日顕が血脈相承を受けた法主であっても、邪義をおこなえば法水は枯渇する。だが、たとえ日顕書写の御本尊であれ、祈る人が日蓮大聖人の正法正義を掲げ、純真な信心をしているならば、法水は滔々と流れきたる。

日蓮大聖人の仰せに曰く。

「今日蓮が弟子檀那等・南無妙法蓮華経と唱えん程の者は・千仏の手を授け給はん事・譬えばうり*夕顔の手を出すが如くと思し食せ、過去に法華経の結縁強盛なる故に現在に此の経を受持す、未来に仏果を成就せん事疑い有るべからず、過去の生死・現在の生死・未来の生死・三世の生死に法華経を離れ切れざるを法華の血脈相承とは云うなり、謗法不信の者は『即断一切世間仏種』とて仏に成るべき種子を断絶するが故に生死一大事の血脈之無きなり。

総じて日蓮が弟子檀那等・自他彼此の心なく水魚の思を成して異体同心にして南無妙法蓮華経と唱え奉る処を生死一大事の血脈とは云うなり」(生死一大事血脈抄)

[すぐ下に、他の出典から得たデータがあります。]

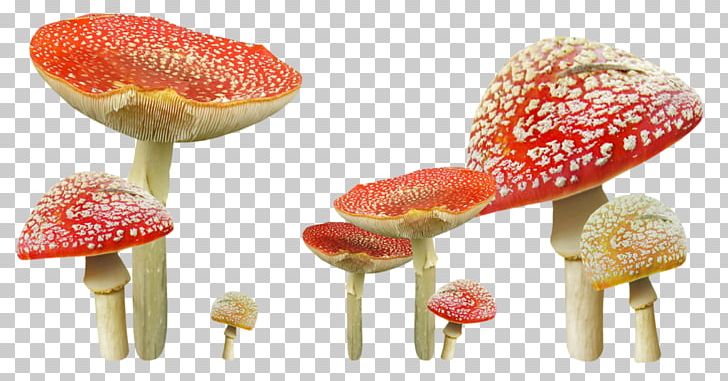 Edible Mushroom Autumn Fungus PNG, Clipart, Blog, Chanterelle, Common Mushroom, Craterellus Tubaeformis, Derecho Free PNG Download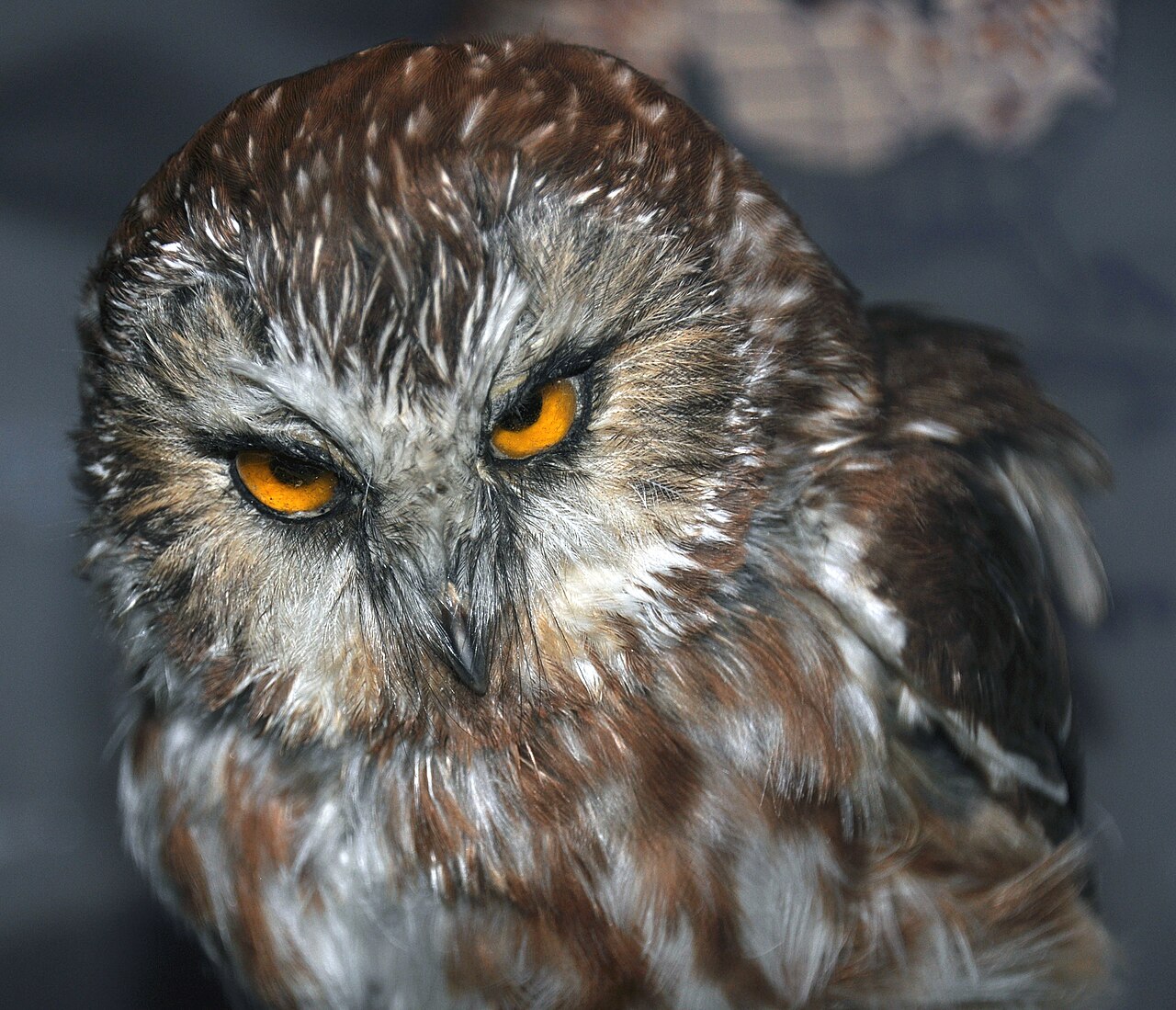 Northern Saw-whet Owl: Identification, Sounds, and Facts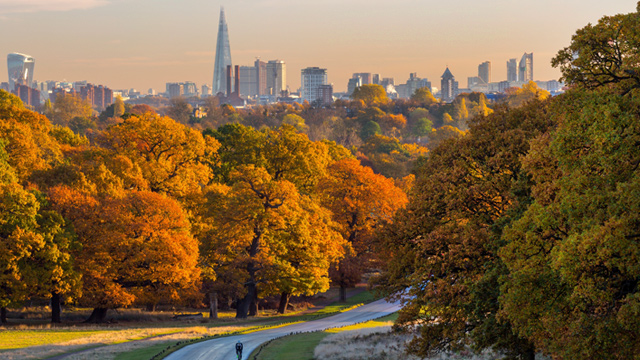 Autumn Update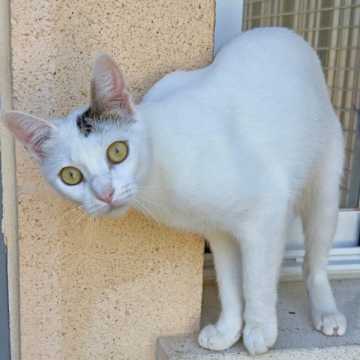 26-105_Socrates_01
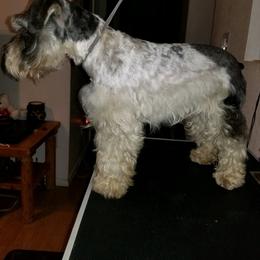 Miniature Schnauzer Puppies from Krystle's Miniature Schnauzers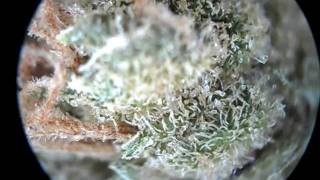 Best microscope for looking at trichomes [upl. by Kinghorn]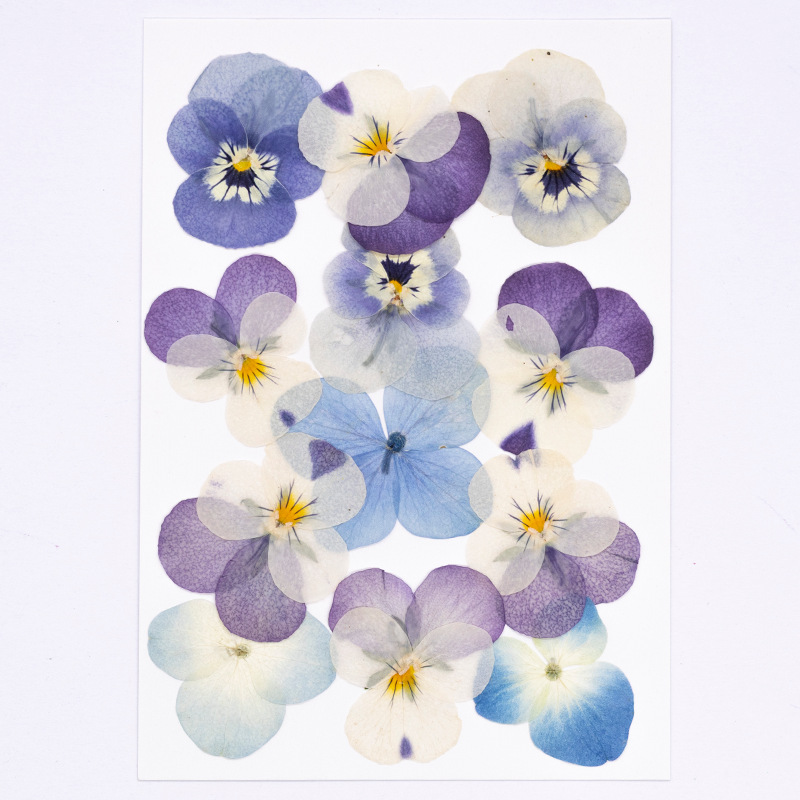 12pcs, 리얼 비올라 코르누타 압축 건조 꽃 천연  - Dried Flower Pressed 리뷰 및 가격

【通解】いま日蓮の弟子檀那など南無妙法蓮華経と唱える者に、千仏が御手を授けて迎えてくださるさまは、たとえば瓜や夕顔のツタが幾重にもからんで伸びるようなものであると思われるがよい。過去世において強盛に法華経に結縁していたので今生においてこの経にあうことができたのである。未来世において仏果を成就することは疑いない。過去、現在、未来と三世の生死において法華経から離れないことを法華経の血脈相承というのである。謗法不信の者は譬喩品に「即ち一切世間の仏種を断ぜん」と説かれて、成仏すべき仏種を断絶するがゆえに、生死一大事の血脈はないのである。
 総じて日蓮の弟子檀那などが、自分と他人、彼とこれの隔てなく、水魚の思いをなして、異体同心に南無妙法蓮華経と唱え奉るところを生死一大事の血脈というのである。

 

血脈相承は、「今日蓮が弟子檀那等・南無妙法蓮華経と唱えん程の者」すべての人に該当することなのである。なにも日顕だけのことではないのだ。

「日蓮が弟子」であるはずの日顕にしても、禅寺に先祖代々の墓を建立し、「現代における大聖人様」「大御本尊と不二の尊体」などと呼ばせ悦に入っていれば、三宝破壊の「謗法不信の者」ということになり、「生死一大事の血脈之無きなり」ということになる。

日顕一派はいちおう僧形をなしているが、その内実はといえば妻帯肉食し、利養に貪著するといった、まったく僧とはいえない。と同様に、日顕は、外見は血脈を受けた法主ということになっているけれども、「生死一大事の血脈之無きなり」ということになる。法水が枯渇しているのである。

なお念を押すが、これは日達上人から日顕に血脈相承(宗制宗規上の次期法主の指名)がなかったとする、正信会の主張と同次元の事実の有無を問題にしているのではない。本紙が述べているのは、信仰の本義に関わる「生死一大事血脈抄」に仰せの「血脈相承」についてである。血脈を後継法主指名に矮小化してはならない。

「日蓮が弟子檀那等・自他彼此の心なく水魚の思を成して」とは、謗法不信にして破仏法の輩である日顕一派と「詐親」し、偽りの「和合」をすることではない。破邪なくして顕正はないのだ。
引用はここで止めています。